“There will be no nature without justice. Nature and justice, contested discursive objects embodied in the material world, will become extinct or survive together.”

– Donna Haraway (1992, 311), “The Promises of Monsters: A Regenerative Politics for Inappropriate/d Others.”

“Instead of pointing to those ‘without’ and citing injustice, we might imagine how we are intimately tied to broader conceptions of human and planetary life and which demonstrate our common and difficult histories of encounter.”

– Katherine McKittrick (2011, 960), “On Plantations, Prisons, and a Black Sense of Place.”

What are the politics of developing just and anti-racist food, agricultural, and environmental systems? To answer this question, my recent research explores how uneven geographies and political ecologies shape and are shaped by racialized discourses of food, agriculture, and the environment in the United States. As a scholar-activist, I have collaborated directly with communities and grassroots groups that are working to advance social and environmental justice, engender a critical understanding of food and food access, and struggle against a racially organized state. Through these engagements, I (co-)develop critical scholarship on issues such as power, voice, and relationality. I additionally explore opportunities for university-community partnerships to engage in processes of ‘co-experimentation’ (following Gibson-Graham and Carolan). Co-experimentation in my research includes alternatives modes of growing, sharing, and eating food. It also includes critical, reflective conversations and co-authorships with academic and community partners that may open up paths to more ‘just’ naturalcultural relations. In these collaborations, I have explored how everyday experience, radical vulnerability, emotion/affect, the body, collective resistance, and relational life constitute co-experimental modes of social transformation.

Focus areas

Assistant Professor of Geography, Colorado State University

Prison Agriculture Lab
I am co-director of the CSU Prison Agricultural Lab, along with Dr. Joshua Sbicca, faculty in the CSU Department of Sociology. Our lab has produced a first-of-its-kind nationwide study on food and agricultural activities within US prisons. Our efforts have been three-fold: 1. compiling and analyzing a nationwide dataset of food and agricultural activities at prisons, 2. contextualizing the development and expansion of agricultural activities since Reconstruction through the lens of racial capitalism, and 3. mapping prison agriculture to understand and show its embeddedness in carceral conditions that transcend and connect individual agricultural sites. In framing this research as abolition praxis, not only are we interested in understanding how present-day practices of prison agriculture are implicated in the racial capitalist project of prison expansion, we are also looking for ways in which prison agriculture counteracts and contests carcerality—and might work toward the elimination of prisons. Beyond our core research activities, the Prison Agriculture lab has collaborated with the CSU Geospatial Centroid to map prison agriculture, census, environmental, and related socio-spatial data.

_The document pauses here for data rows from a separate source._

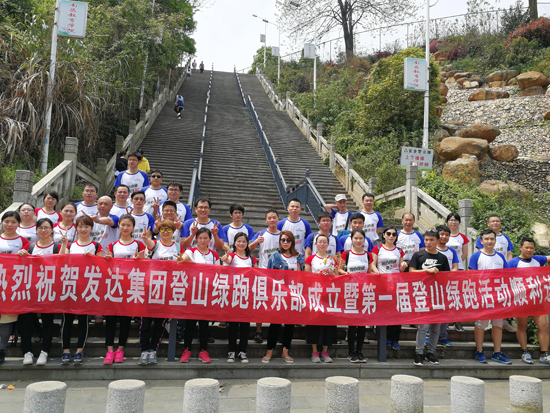 奔跑吧，春天！--發(fā)達集團登山綠跑俱樂(lè )部成立暨第一屆綠跑活動(dòng)圓滿(mǎn)落幕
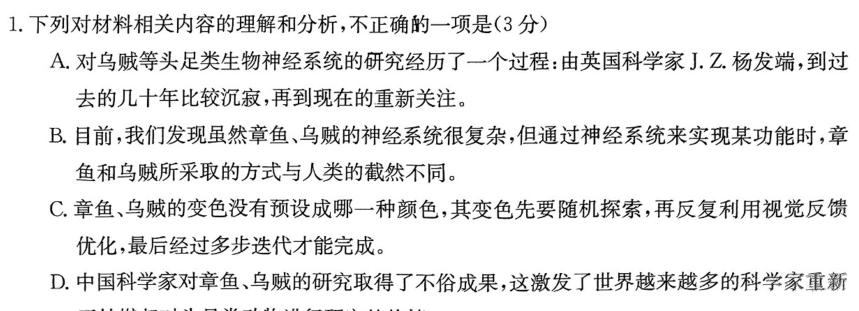 星空·综合体育先享题 2023-2024学年度高三一轮复习摸底测试卷·摸底卷(山东专版)语文试卷 答案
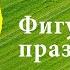 Поздравление на день рождения Слайд шоу для мамы и папы Слайд шоу для бабушки и дедушки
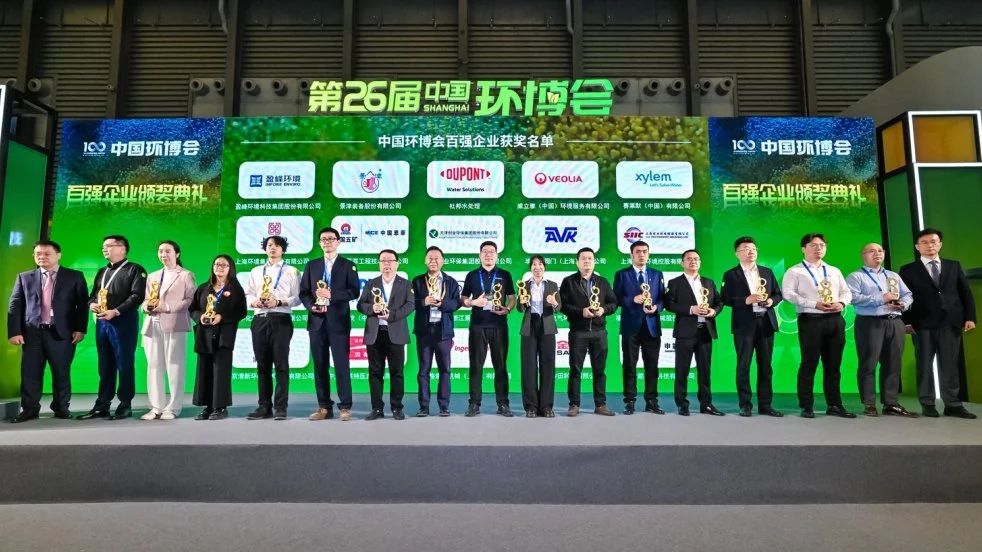 20250427161619441 bet8·(股份)有限公司官网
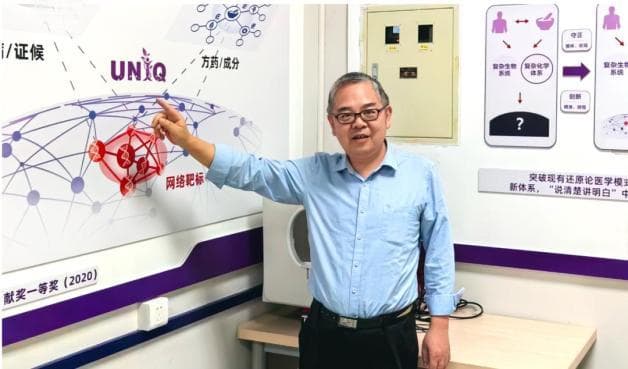 AI为中医药诊疗装上精准“导航”！清华大学李梢团队如何解密中医药机理？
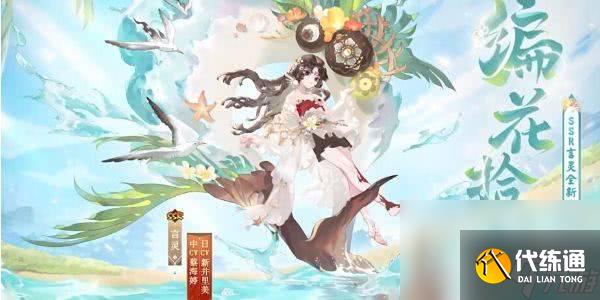 阴阳师夏日限定碧海晴夏系列皮肤获取方法是什么 夏日限定碧海晴夏系列皮肤获取指南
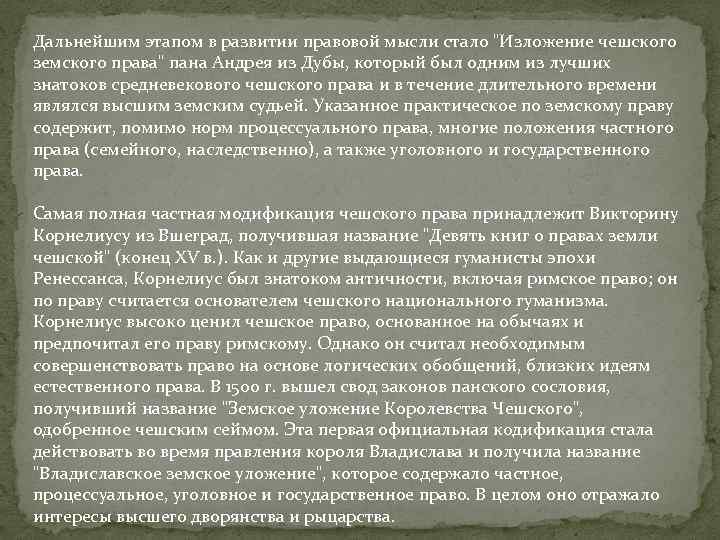 Дальнейшим этапом в развитии правовой мысли стало "Изложение чешского земского права" пана Андрея из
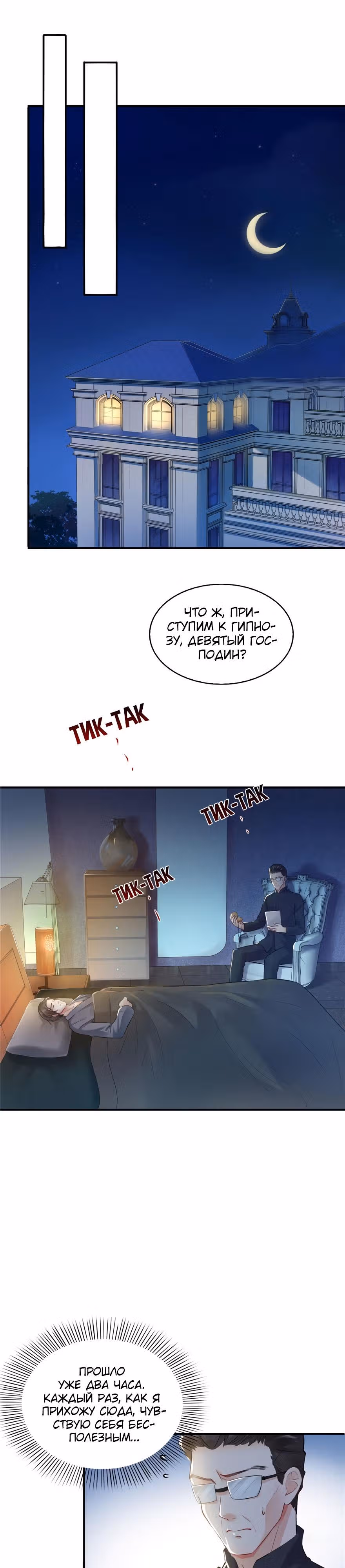 Идеальная тайная любовь: Жена преступника немного милая — Том 1 · Глава 8, страница 1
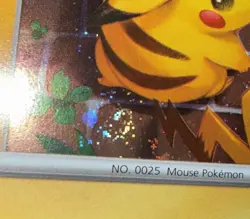 FART SWIRL 🌀 Pikachu 051/162 Cosmos Holo Rare Pokemon Day Promo ✨SWIRL - Image 2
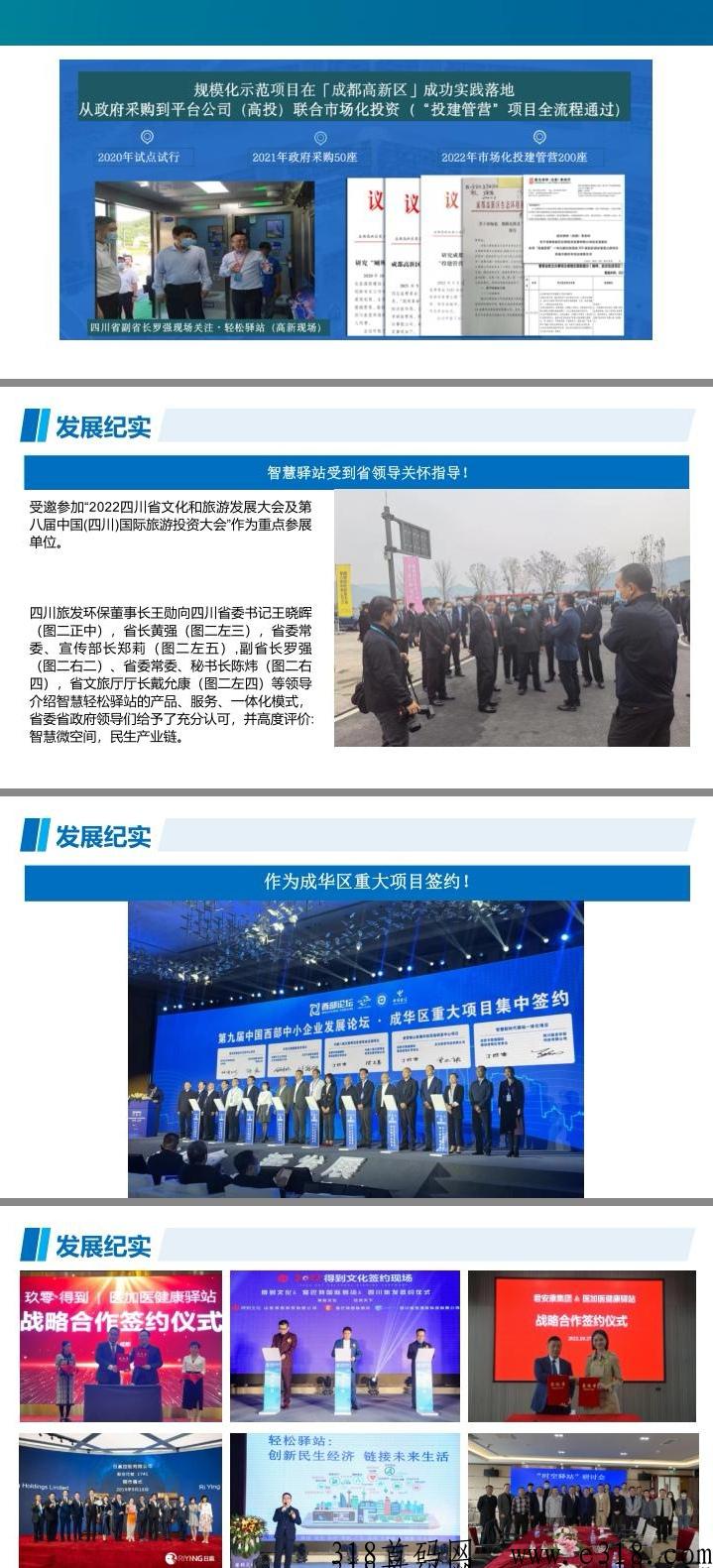 时空驿站实力黑马，火爆来袭，扶持全网最高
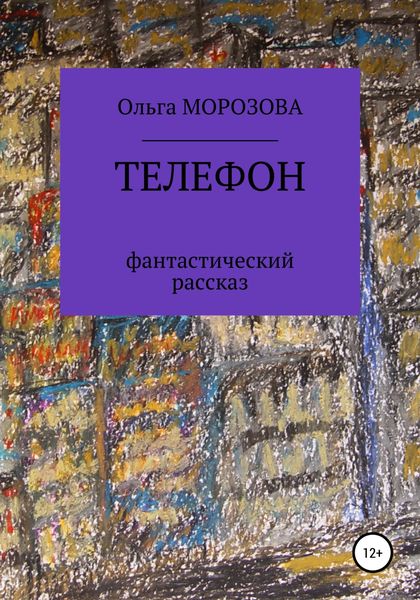 Обложка книги  «Телефон»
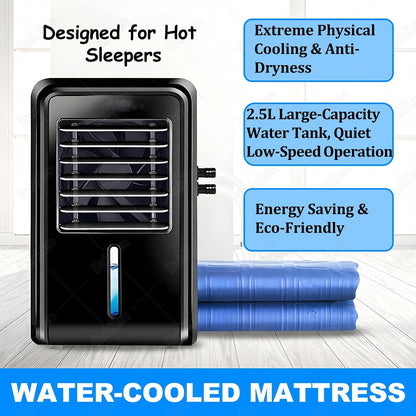Cooling Mattress Pad with Remote Control, Bed Fan Cooling System, with 4 Speeds & Timer, 2.5l Capacity, Quiet Operation, Water Return for Hot Sleepers 160cm*70cm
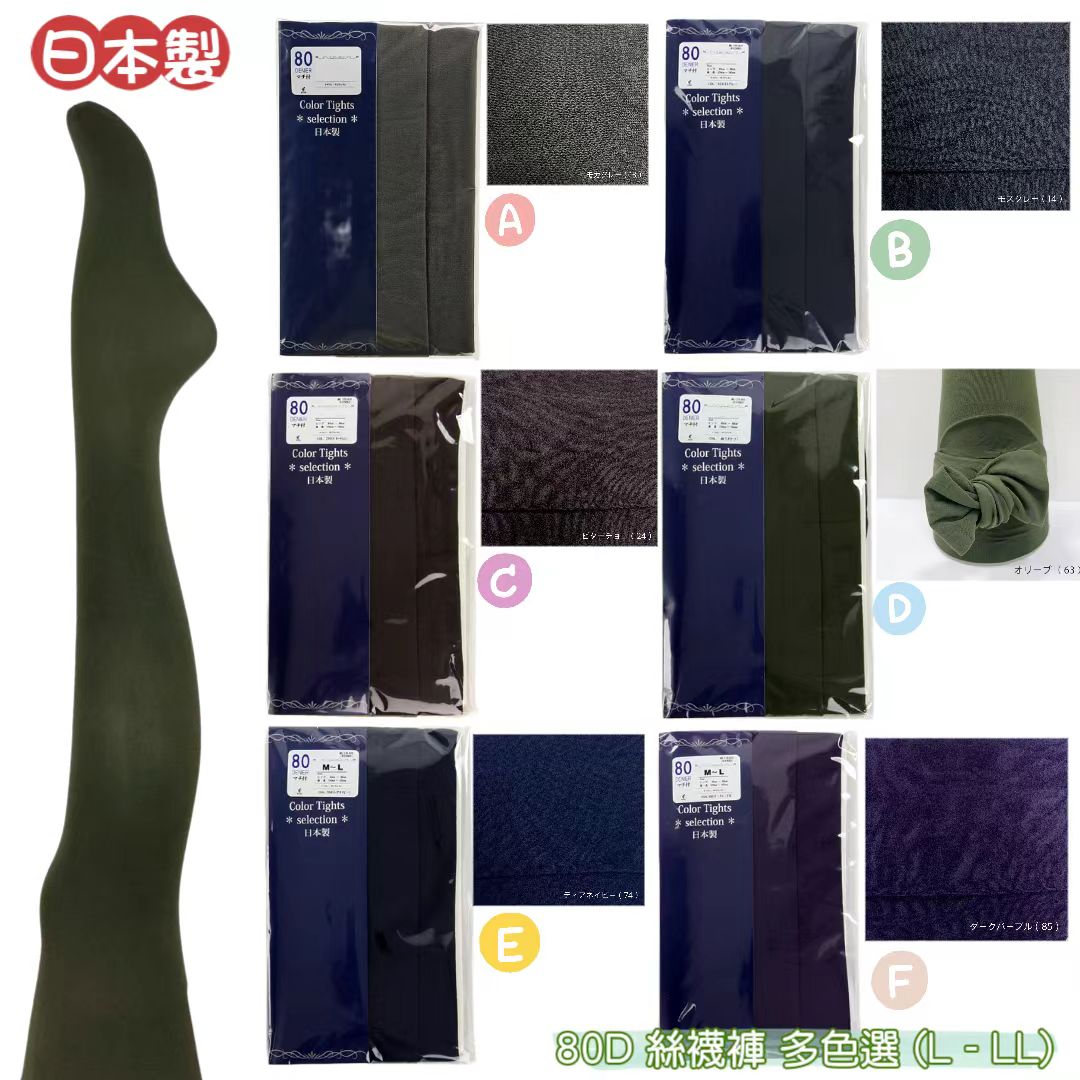 ⚡️限時抵價⚡️日本製 80 丹尼 絲襪褲 多色選 (L-LL) 一套2對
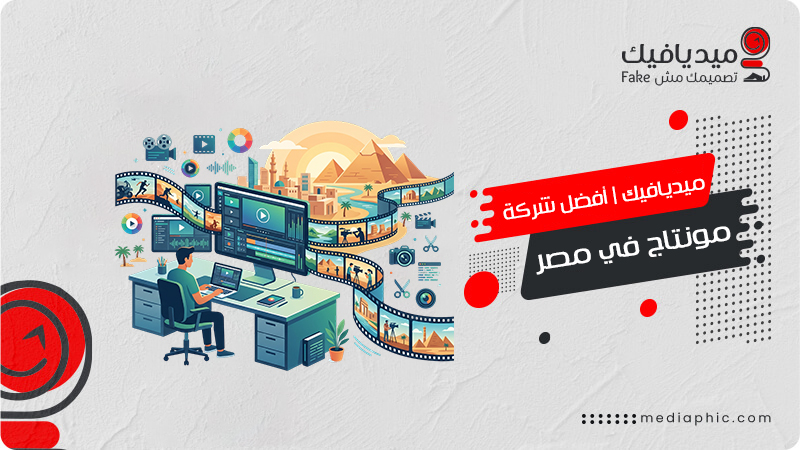  سعر مونتاج فيديو 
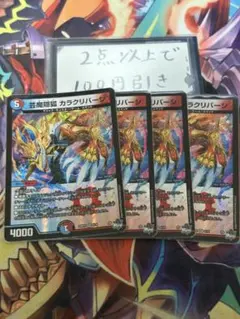 雷轟様 リクエスト 3点 まとめ商品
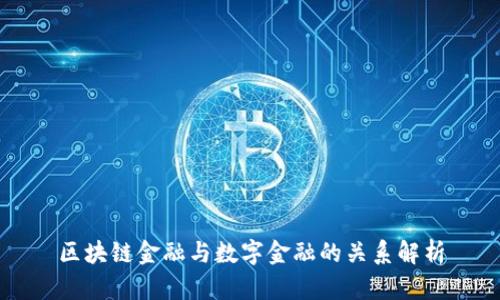 区块链金融与数字金融的关系解析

Participatory Action Research Project in Dubuque, Iowa
I am engaged in a long-term collaboration with Dubuque community activist Lynn Sutton. Together, our scholar-activist/activist-scholar partnership seeks to advance racial, environmental, and food justice in Dubuque, Iowa. Starting with the understanding that racial injustices in food, housing, land, or otherwise cannot be solved in isolation, we have identified the political ecological issues, questions, and outcomes facing communities of color in Dubuque and are using PAR to support community organizing and activism efforts. Our academic work thus far has focused on community gardening and food justice, low-income rental housing and environmental justice, and more broadly Black women's well-being and placemaking in the city.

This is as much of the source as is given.